On Wednesday, 2009-12-16 10:33:26 +0100, Michael Brauer wrote:

> 1. In a first pass the specification is adapted to make use of the new
> performance targets the SC has agreed. Essentially this means that terms
> like "document" are replaced with "expressions" and terms like
> "implementation" and "program" are replaced with "evaluator". This may  
> require small adaptations of the language (in particular if must is  
> replaced by shall, etc. at the same time), but should not change the  
> constrains themselves.

Be careful in replacing "document" with "expressions". Expression is
a defined term. Example from section 3.3.3 Date and DateTime:

| Portable documents shall not include date calculations that require the
| incorrect assumption that 1900 was a leap year.

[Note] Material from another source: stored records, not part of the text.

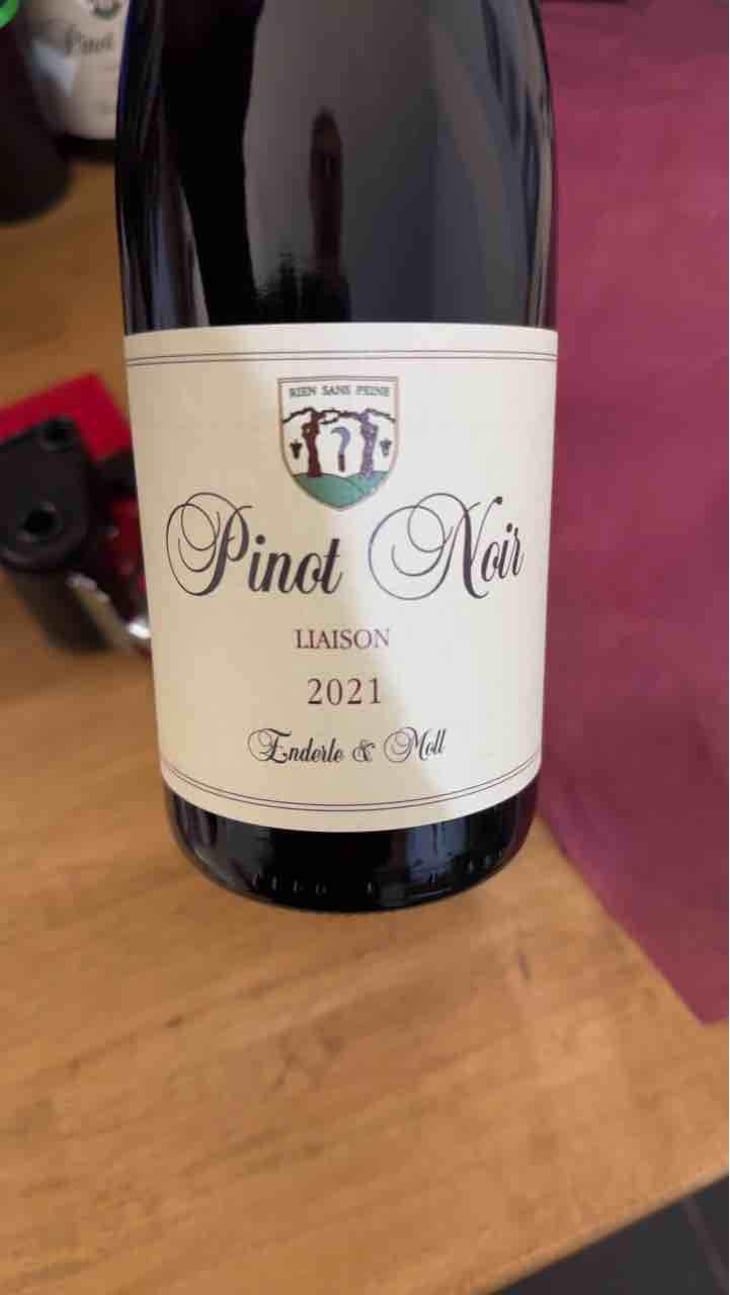 Pinot Noir - Enderle & Moll - Florian Moll & Max Lecat 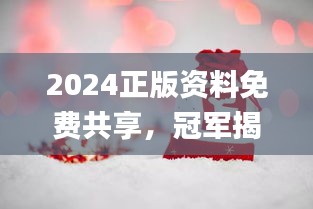 2024正版資料免費共享，冠軍揭曉預告_E VH233.8預備版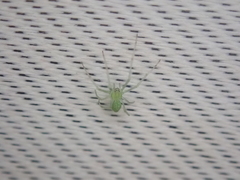 Tetragnatha squamata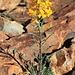 Western Wallflower (Erysimum capitatum), probably a subspecies endemic to California, maybe even the endangered Contra Costa Wallflower (?)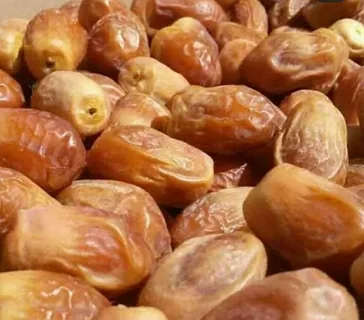 تصویر 1 از خرما زاهدی درجه یک تازه آماده مصرف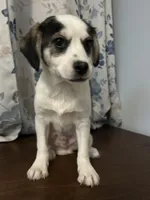 Dany , a male Cockapoo and Alaskan Klee Kai for sale in Durham, CT – Photo 4 of 10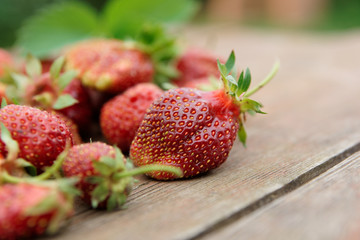 Pile of just gathered strawberries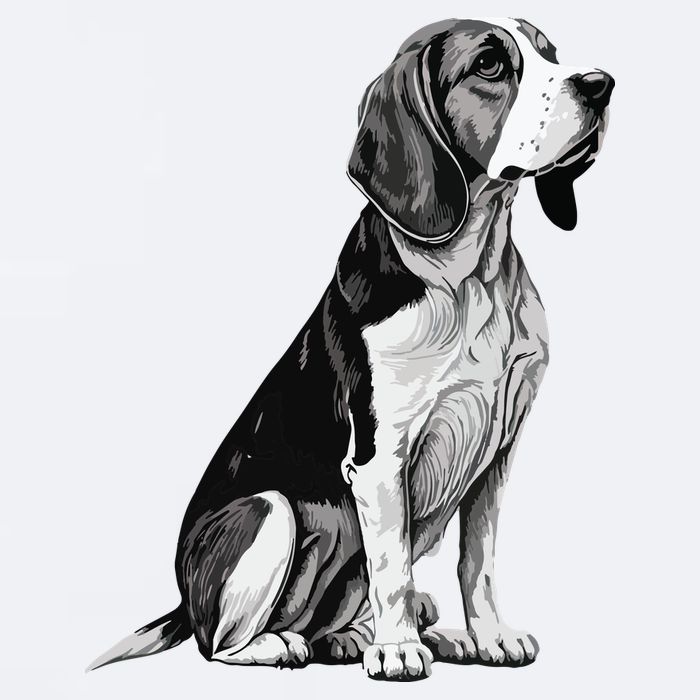 Funny Beagle Dog Sueded Cloud Jersey T-Shirt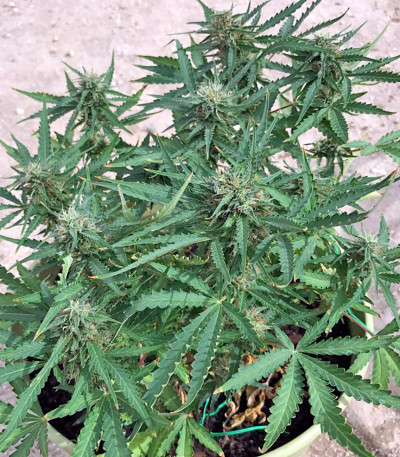 Сорт конопли Blue Critical Autoflowering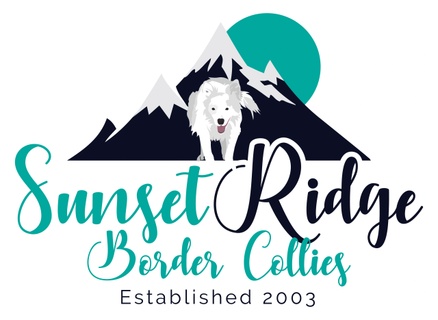 Sunset Ridge Border Collies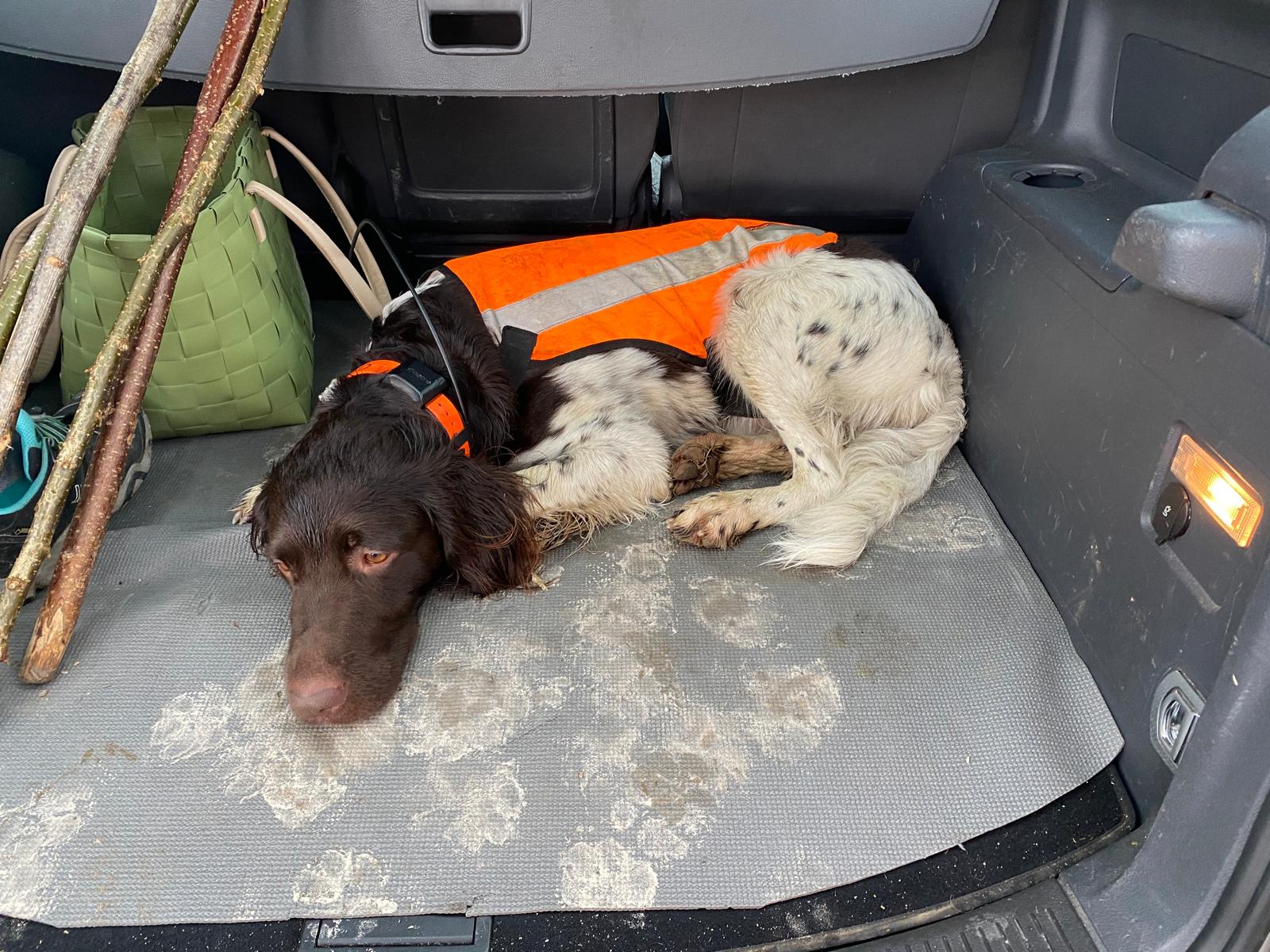 Kleiner Münsterländer erschöpft nach dem Drückjagdeinsatz — mit Schutzweste und GPS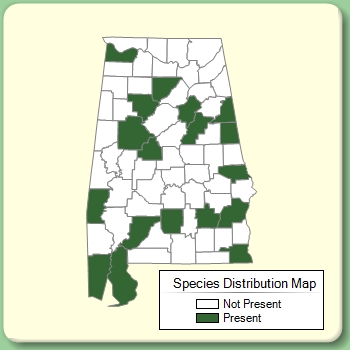 Species Distribution Map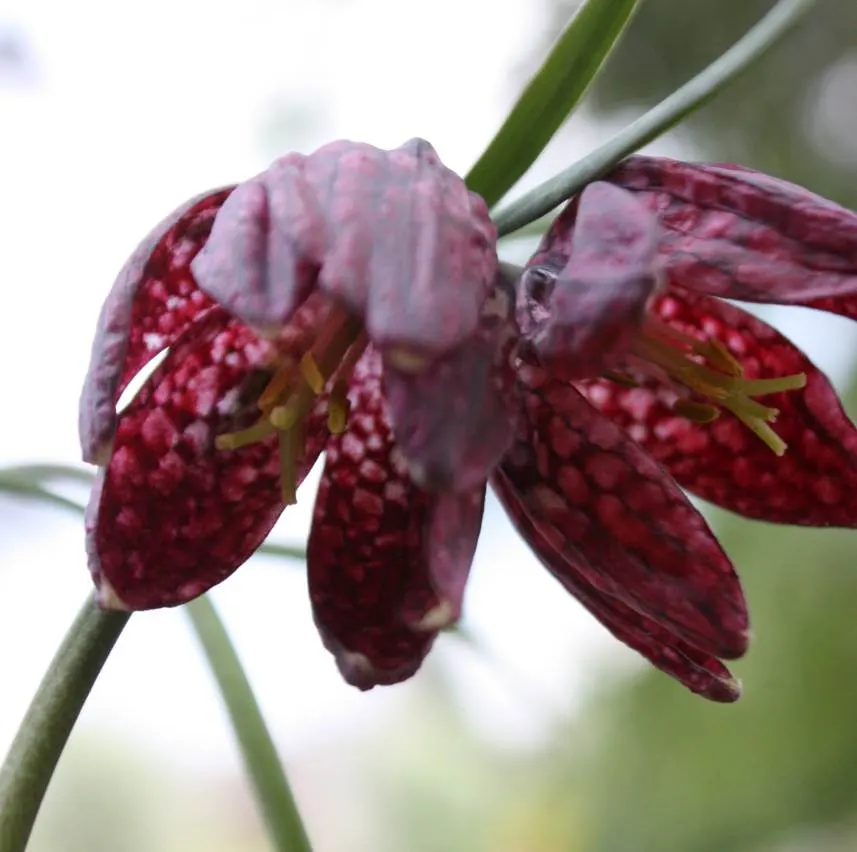 Snake's Head Fritillary (Fritillaria Meleagris) — biodiversity-friendly garden environment; gardeners should be aware that while it's resistant to, image 117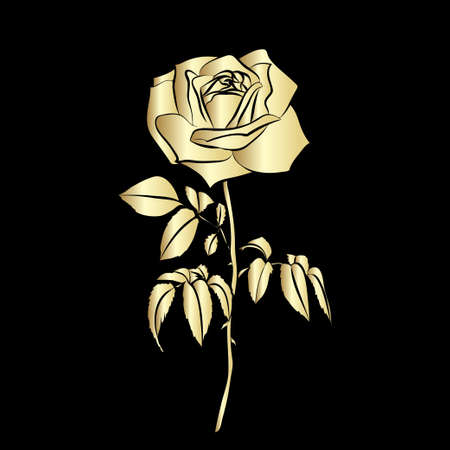 Golden silhouette of rose isolated on black background. illustration.のイラスト素材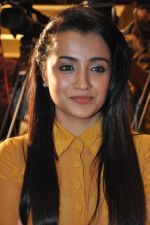 Trisha (18)_5562ef9317bd9.jpg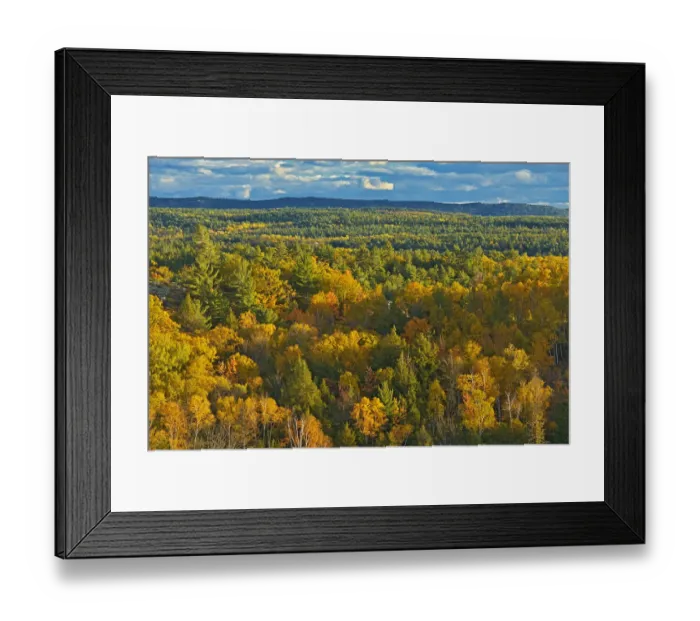 Framed Print : Canada, Ontario, Neebing County. Forest in autumn. Credit as Framed Print : Canada, Ontario, Neebing County. Forest in autumn. Credit as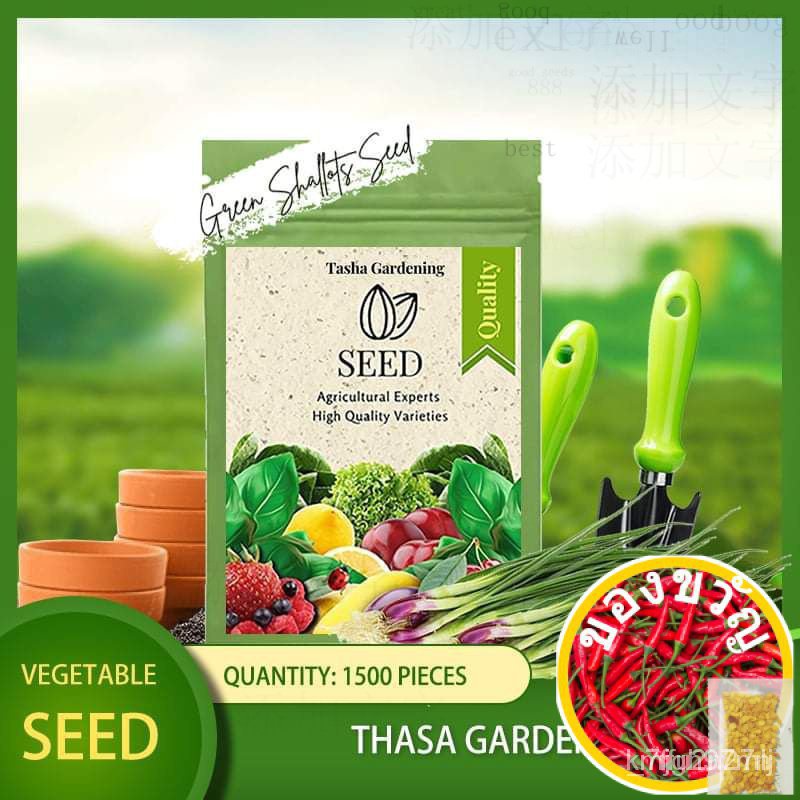 Tasha สวน1500ชิ้นสีเขียวตื้นเมล็ดผักผักผักเมล็ดเมล็ดเมล็ดพืชผักพืชน้ำ YPGP Q3W7
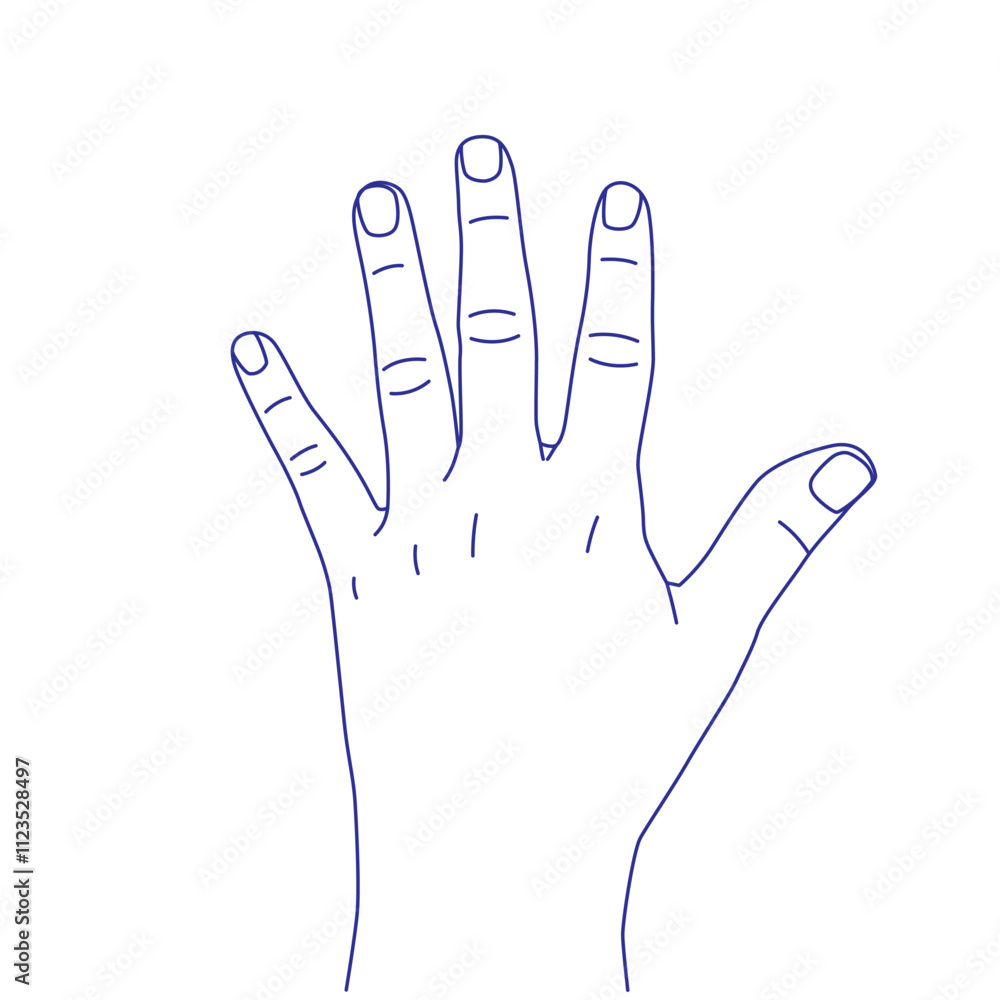 Obraz premium Hand gesture sketch. Counting with fingers. One, two, three, four and five. Palm back. Index, middle, ring, little fingers and thumb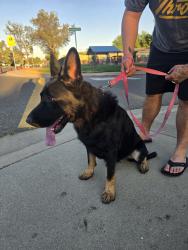 Found/Stray Female Dog last seen Charente /ollie ct , Elk Grove, CA 95758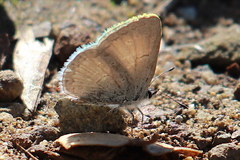 Celastrina echo echo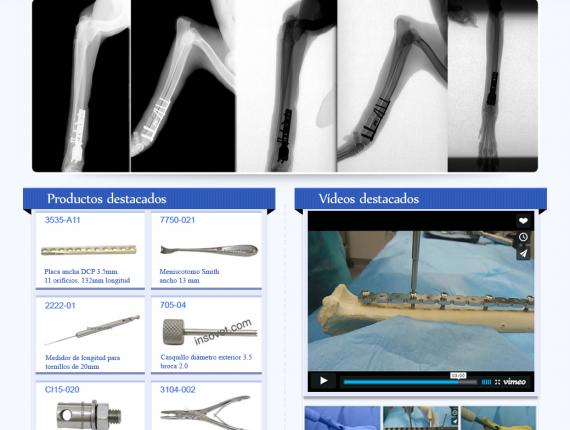 disseny diseño design web Insorvet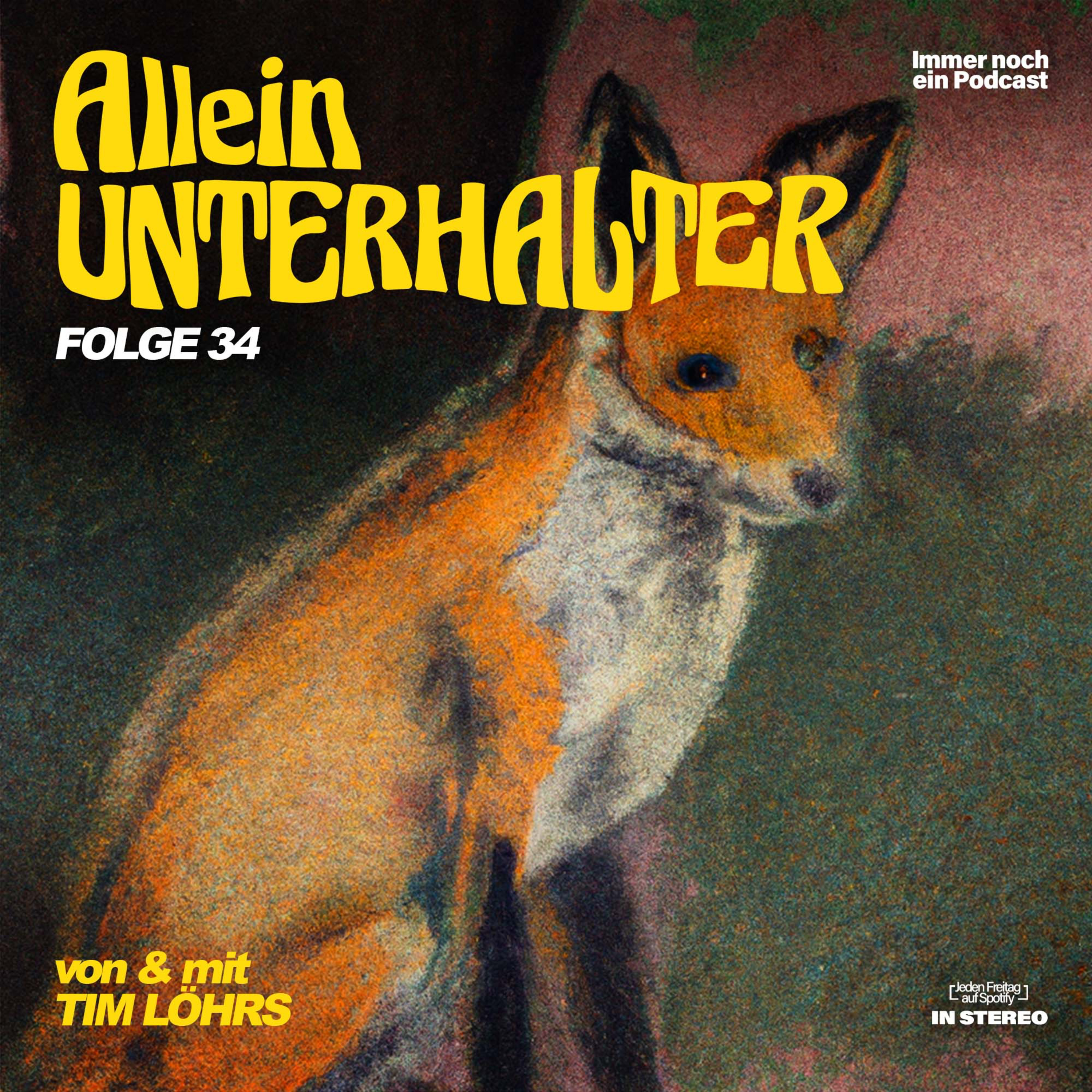 Alleinunterhalter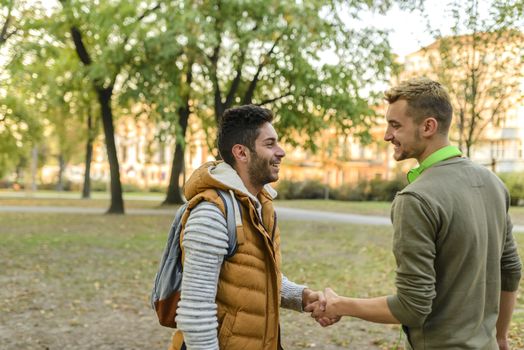 Two handsome youngsters shaking hands after seeing each other after long time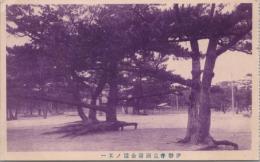 1000857■戦前 絵葉書■三重 伊勢香良洲浦公園
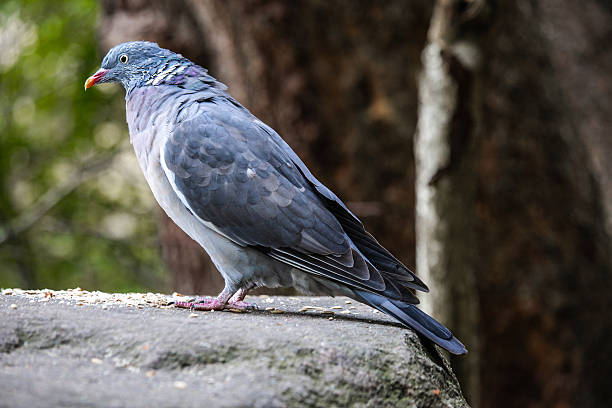 istock A Eurasian Collared-Dove strolls along a sunlit wall, its soft gray plumage and distinctive black crescent collar contrasting with the rustic texture. A serene and elegant sight. 2239118336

In an implementation that erroneously implemented 1900 to be a leap year
we may have:

Cell A1 contains the date 1900-02-28, the expression in A2 =A1+1 results
in the date 1900-02-29, the expression in A3 =A2+1 results in the date
1900-03-01. It is not the expressions them self that make the incorrect
assumption, but they yield different dates in an implementation that
does not implement the 1900 leap year bug. It is how the expressions are
used in the document.


> 2. In a 2nd pass, or in parallel, the portable document statements are
> turned into notes, but without rephrasing them or moving them.

I don't know how this could be done in parallel with #1, but otherwise
yes.


> 3. In a third pass, the notes are checked individually. If they can be
> turned into statements what is implementation or undefined behavior of
> evaluators, they are rephrased accordingly. If they can be turned into
> statements what is optional behavior of an evaluator, the are also
> rephrased accordingly. And if both is not possible, they are kept as is.

Rephrased and turned into normative statements and removed from the
notes, as Patrick noted.


> [... behaviors for evaluators ...]
>> I wonder if an approach like that might result in a tighter 
>> specification?  In other words, rephrase all portability constraints as 
>> positive statements about undefined, implementation-defined and  
>> implementation-dependent behaviors?
>
> This goes into the same direction as I have suggested a few days ago.
> So, yes, this may be a reasonable approach, except that I think there
> are more options to rephrase statements about portable document than
> turning them into statements what is undefined, implementation defined
> or implementation dependent. Another option is to declare behavior to be
> optional. For instance, while the size of an integer is undefined, there
> may be a minimum size that all evaluators shall support. But evaluators
> may support larger integer values. If they do so, the result is well
> defined. Only only does not know whether larger values are supported.

Optional may work in some cases, but I think in most it will not.
Supporting a larger range of values would be optional, but we don't have
that many cases. The question whether a boolean type is converted to
a number in a NumberSequence is not optional. It is
implementation-defined and affects each function that expects
a NumberSequence as parameter.

  Eike

-- 
Automatic string conversions considered dangerous. They are the GOTO statements
of spreadsheets.  --Robert Weir on the OpenDocument formula subcommittee's list.